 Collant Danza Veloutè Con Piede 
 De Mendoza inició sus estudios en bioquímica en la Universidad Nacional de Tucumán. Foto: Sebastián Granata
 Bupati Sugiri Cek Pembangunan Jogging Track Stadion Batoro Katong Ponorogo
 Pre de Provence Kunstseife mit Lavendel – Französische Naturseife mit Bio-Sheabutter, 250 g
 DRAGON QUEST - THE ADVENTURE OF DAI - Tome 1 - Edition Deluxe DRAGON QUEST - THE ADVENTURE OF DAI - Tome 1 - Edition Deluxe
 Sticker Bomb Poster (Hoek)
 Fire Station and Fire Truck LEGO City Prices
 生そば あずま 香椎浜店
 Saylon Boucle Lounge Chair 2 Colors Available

...

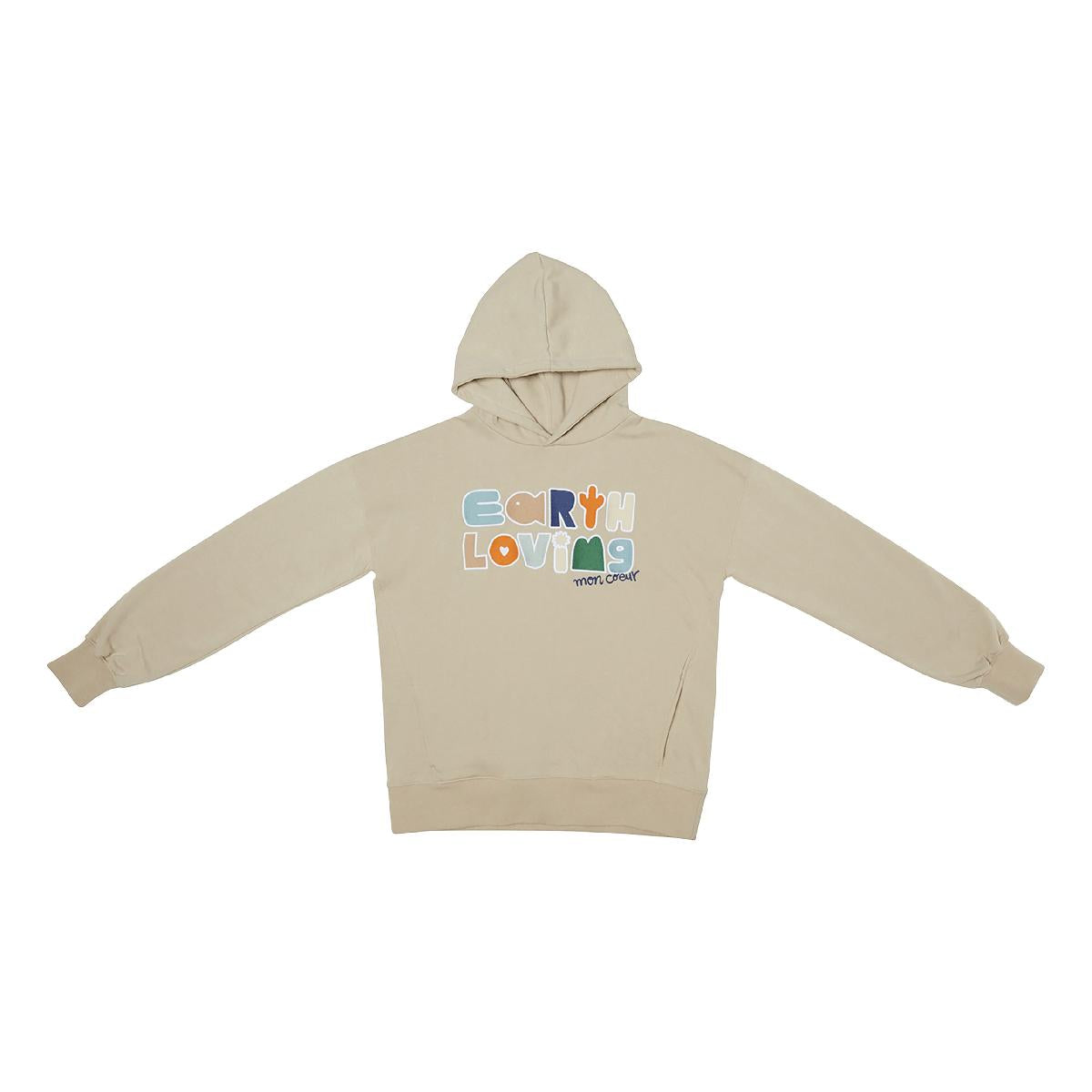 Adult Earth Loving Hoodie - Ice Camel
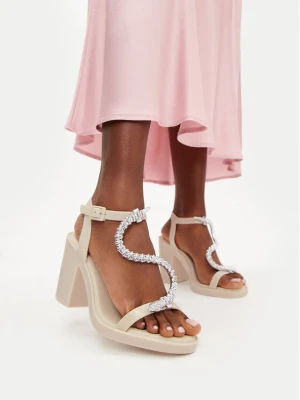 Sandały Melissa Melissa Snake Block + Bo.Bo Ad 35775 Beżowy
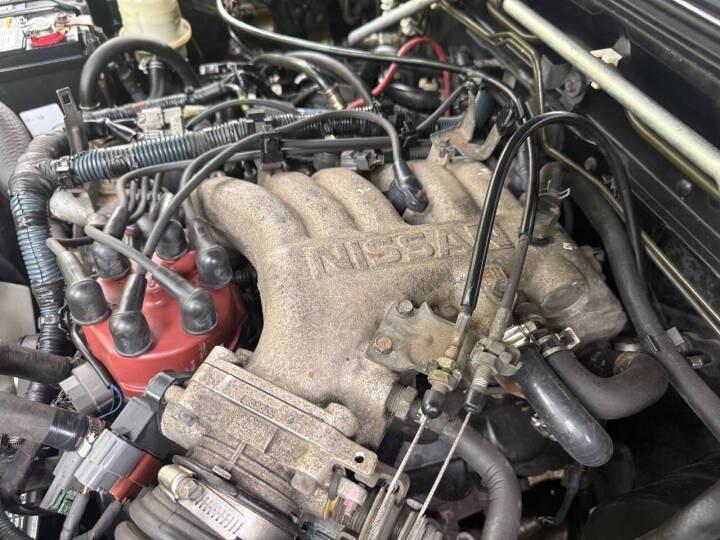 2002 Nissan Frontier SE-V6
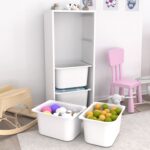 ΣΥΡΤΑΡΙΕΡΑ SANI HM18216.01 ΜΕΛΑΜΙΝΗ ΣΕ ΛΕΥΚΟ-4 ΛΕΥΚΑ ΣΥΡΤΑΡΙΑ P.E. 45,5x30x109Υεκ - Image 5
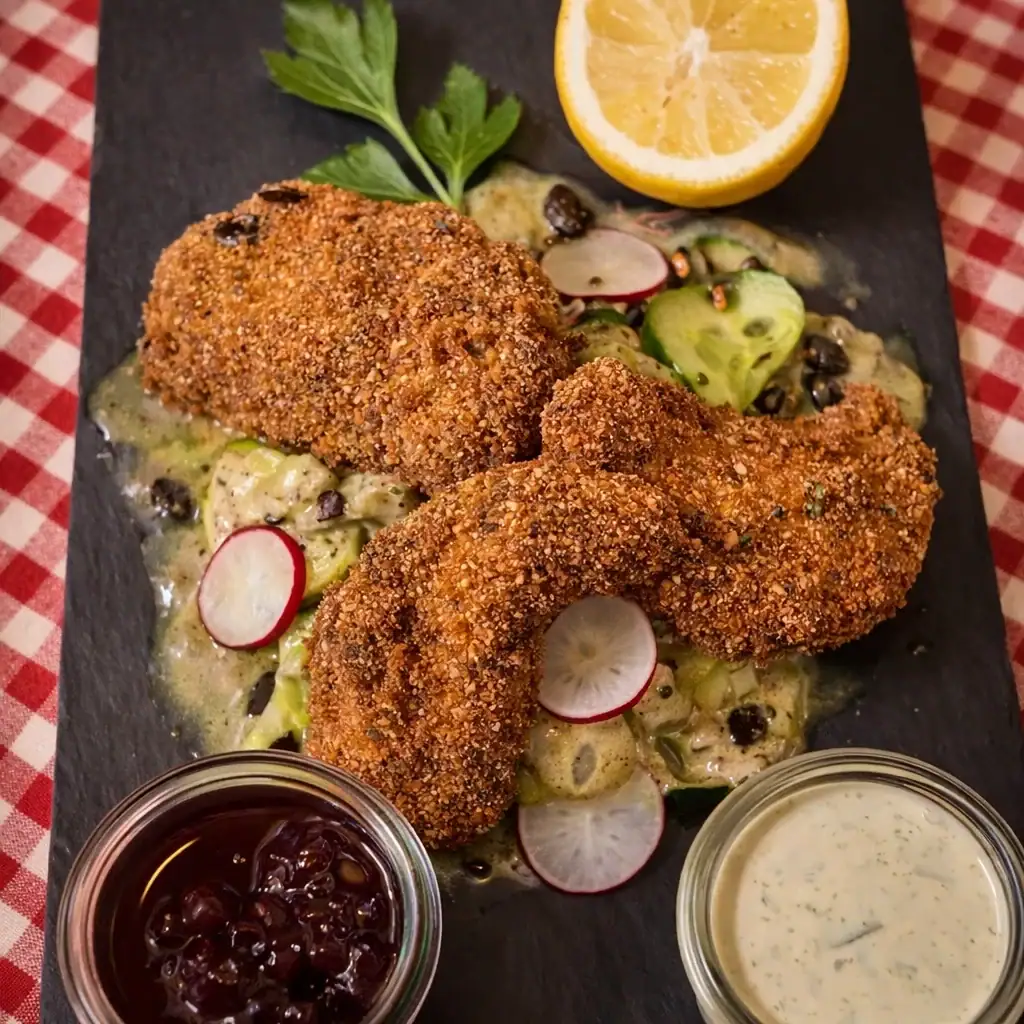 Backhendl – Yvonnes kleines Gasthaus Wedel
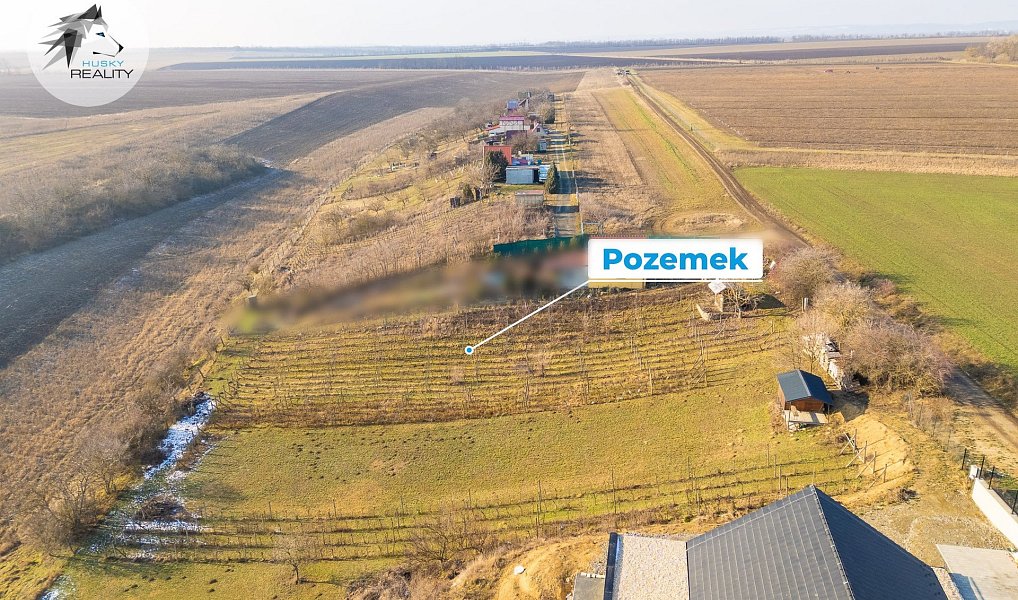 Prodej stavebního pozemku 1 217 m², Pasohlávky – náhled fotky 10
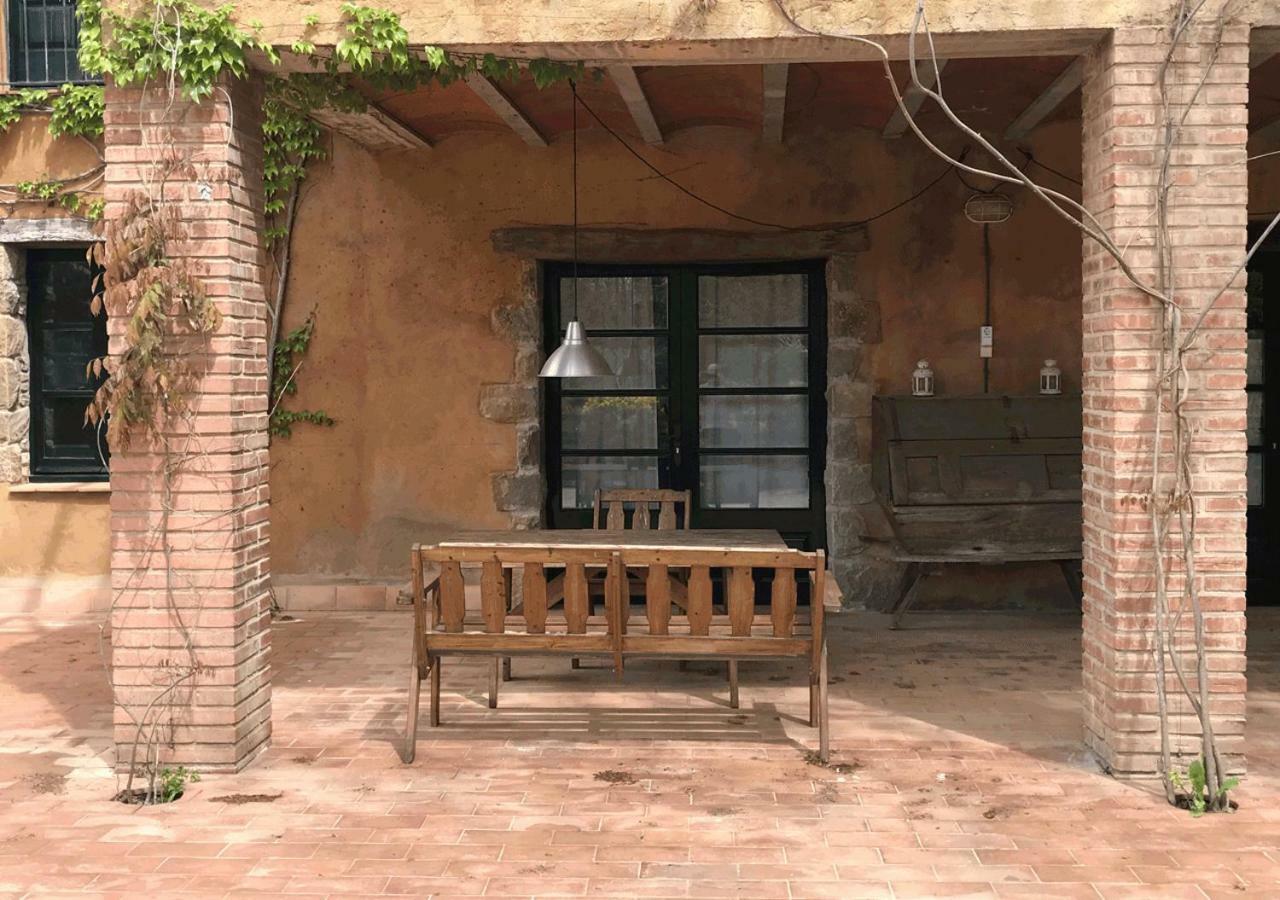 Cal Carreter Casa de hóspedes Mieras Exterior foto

==

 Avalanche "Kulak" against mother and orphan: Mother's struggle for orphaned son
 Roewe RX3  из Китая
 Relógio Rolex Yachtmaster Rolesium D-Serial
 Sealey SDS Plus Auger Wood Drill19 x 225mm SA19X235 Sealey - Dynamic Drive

▸ WORK INSTRUCTION: Take only the lines above from the one that has "Adult Earth Loving Hoodie - Ice Camel" through the one that has "Cal Carreter Casa" and reproduce them exactly, omitting any pictures.

▸ ANSWER BOX:
 Adult Earth Loving Hoodie - Ice Camel
 Sandały Melissa Melissa Snake Block + Bo.Bo Ad 35775 Beżowy
 2002 Nissan Frontier SE-V6
 ΣΥΡΤΑΡΙΕΡΑ SANI HM18216.01 ΜΕΛΑΜΙΝΗ ΣΕ ΛΕΥΚΟ-4 ΛΕΥΚΑ ΣΥΡΤΑΡΙΑ P.E. 45,5x30x109Υεκ - Image 5
 Backhendl – Yvonnes kleines Gasthaus Wedel
 Prodej stavebního pozemku 1 217 m², Pasohlávky – náhled fotky 10
 Cal Carreter Casa de hóspedes Mieras Exterior foto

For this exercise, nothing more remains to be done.